A.5.33 Protection of Records
What is this control?
ISO 27001 control A.5.33 Protection of Records ensures organisational records are protected from loss, destruction, falsification, and unauthorised access through a hybrid retention schedule technically enforced by Microsoft Purview. Records are protected via access controls, immutability settings with Preservation Lock, and periodic backups. Retention periods comply with legal requirements including 7 years for financial, legal, and HR records.
How to implement in Microsoft 365
Implement A.5.33 by configuring Purview Retention Policies for M365 locations including SharePoint, Exchange, and Teams enforcing retention periods. Implement Purview Retention Labels with Preservation Lock for records requiring immutability such as financial, legal, and HR records. Configure Microsoft Sentinel Log Analytics Workspace with minimum 365-day retention for security logs.

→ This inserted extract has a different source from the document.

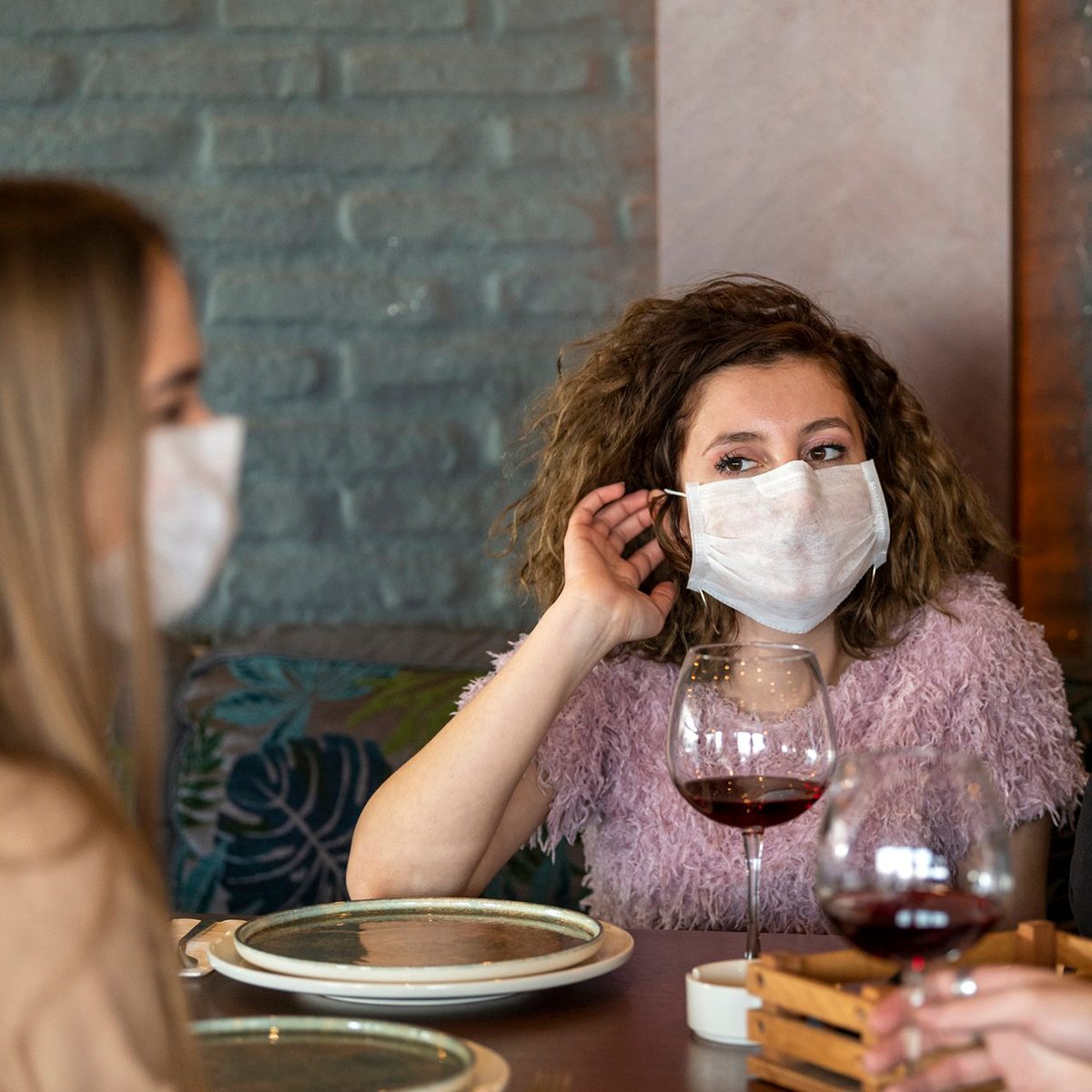 Business people protected from coronavirus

Deploy AvePoint Cloud Backup for M365 and Acronis Cloud Backup for on-premises records as final protection. Protect records from unauthorised access via A.5.15 Conditional Access and A.5.12 Sensitivity Labels. Discourage paper records and digitise essential documents.
What an auditor looks for
Auditors will verify Purview Retention Policies are configured and applied to all M365 locations. They will check Retention Labels with Preservation Lock are enabled for financial, legal, and HR records. Auditors will verify Microsoft Sentinel Log Analytics Workspace retention setting is 365 days or more.
They will check AvePoint and Acronis backup job configuration with backup schedules and coverage. Auditors will verify evidence of immutability enforcement showing records are locked and non-deletable for the retention period.